I’ve got a question that’s more to do with good old fashioned
language-agnostic computer science as it is to do with ruby (however,
i’m using ruby on rails so it’s being asked on this forum).
I have several groups of results, with group size varying from 10ish to
250ish. Within each group, i want to make subgroups according to
similar names: for example, one of my groups looks like this: the
first part, “viola”, is the name of the group, the second the name of
the item:
viola Viola - Goija playing Bach
viola Viola - Goija playing Handel - olga
viola Viola - Goija playing Handel - olgagoija
viola Viola - Goija playing Handel Sonata VI (allegro) - olga
viola Viola - Goija playing Handel Sonata VI (largo) - olga
viola Viola - Goija playing Handel Sonata VI (last movement) - olga
viola Viola - Goija playing Schnittke (part 1 - Largo)
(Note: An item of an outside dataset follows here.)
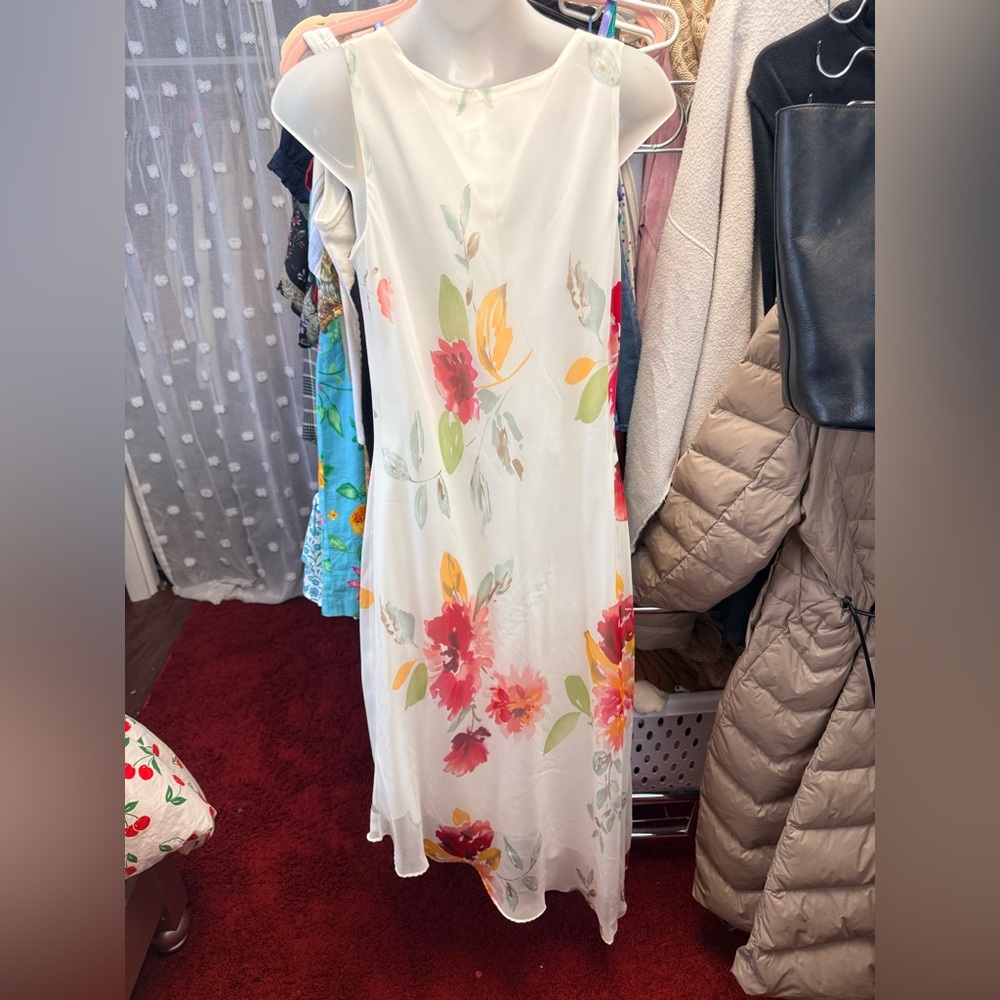 Y2K B.Moss White Floral Cowl Neck Maxi Dress - Picture 3 of 4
viola Viola - Goija playing Schnittke (part 2 - Allegro Molto) - olga
viola Viola - Goija playing Schnittke (part 3 - Largo) olga
viola Viola - Goija playing Schumann (Lebhaft) - olga
viola Viola - Goija playing Schumann (Nicht schnell) - olga
viola Viola - Goija playing Shostakovich - bit 1
viola Viola - Olga Goija playing Shulman (1)
viola Viola - Olga Goija playing Shulman (2)
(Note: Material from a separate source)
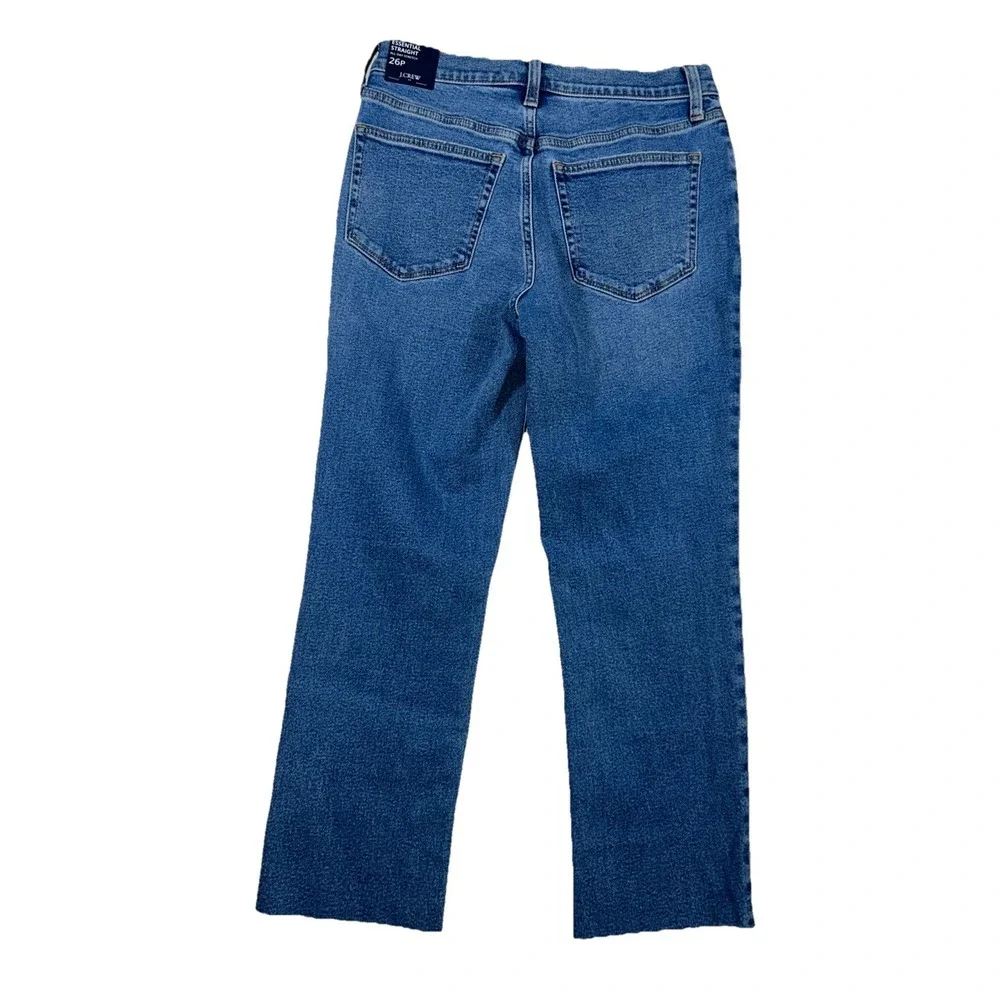NWT J Crew Essential Straight All Day Stretch Women 26P Frayed Raw Hem Jean $118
viola Viola - Olga Goija playing Shulman (final)
In this case, i would want to make 13 groups, based on similar names,
like so:
viola Viola - Goija playing Bach
viola Viola - Goija playing Handel - olga
viola Viola - Goija playing Handel - olgagoija
viola Viola - Goija playing Handel Sonata VI (allegro) - olga
viola Viola - Goija playing Handel Sonata VI (largo) - olga
viola Viola - Goija playing Handel Sonata VI (last movement) - olga
viola Viola - Goija playing Schnittke (part 1 - Largo)
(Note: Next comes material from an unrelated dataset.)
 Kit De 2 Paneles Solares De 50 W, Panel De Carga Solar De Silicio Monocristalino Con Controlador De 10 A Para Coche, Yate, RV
viola Viola - Goija playing Schnittke (part 2 - Allegro Molto) - olga
viola Viola - Goija playing Schnittke (part 3 - Largo) olga
viola Viola - Goija playing Schumann (Lebhaft) - olga
viola Viola - Goija playing Schumann (Nicht schnell) - olga
viola Viola - Goija playing Shostakovich - bit 1
viola Viola - Olga Goija playing Shulman (1)
viola Viola - Olga Goija playing Shulman (2)
viola Viola - Olga Goija playing Shulman (final)
My first question is, what’s the best way to divide this set into
groups? They are already all ferret-indexed, so i could do fuzzy ferret
searches. One thing i was thinking was as follows (pseudocode):
for each item
for every member of every group
if the string matches according to some fixed similarity criteria
put the item in that group
matched = true
end
end
if not matched
put the item in a new group
end
end
The problem with this is deciding the fixed similarity criteria: it
might be better to do something flexible, like
for every pair of items in the group (ie size * size-1 times)
get similarity_rating and put it in a 2d array
end
then, analyze the array and group the highest scoring elements for each
row together (somehow).
Any thoughts?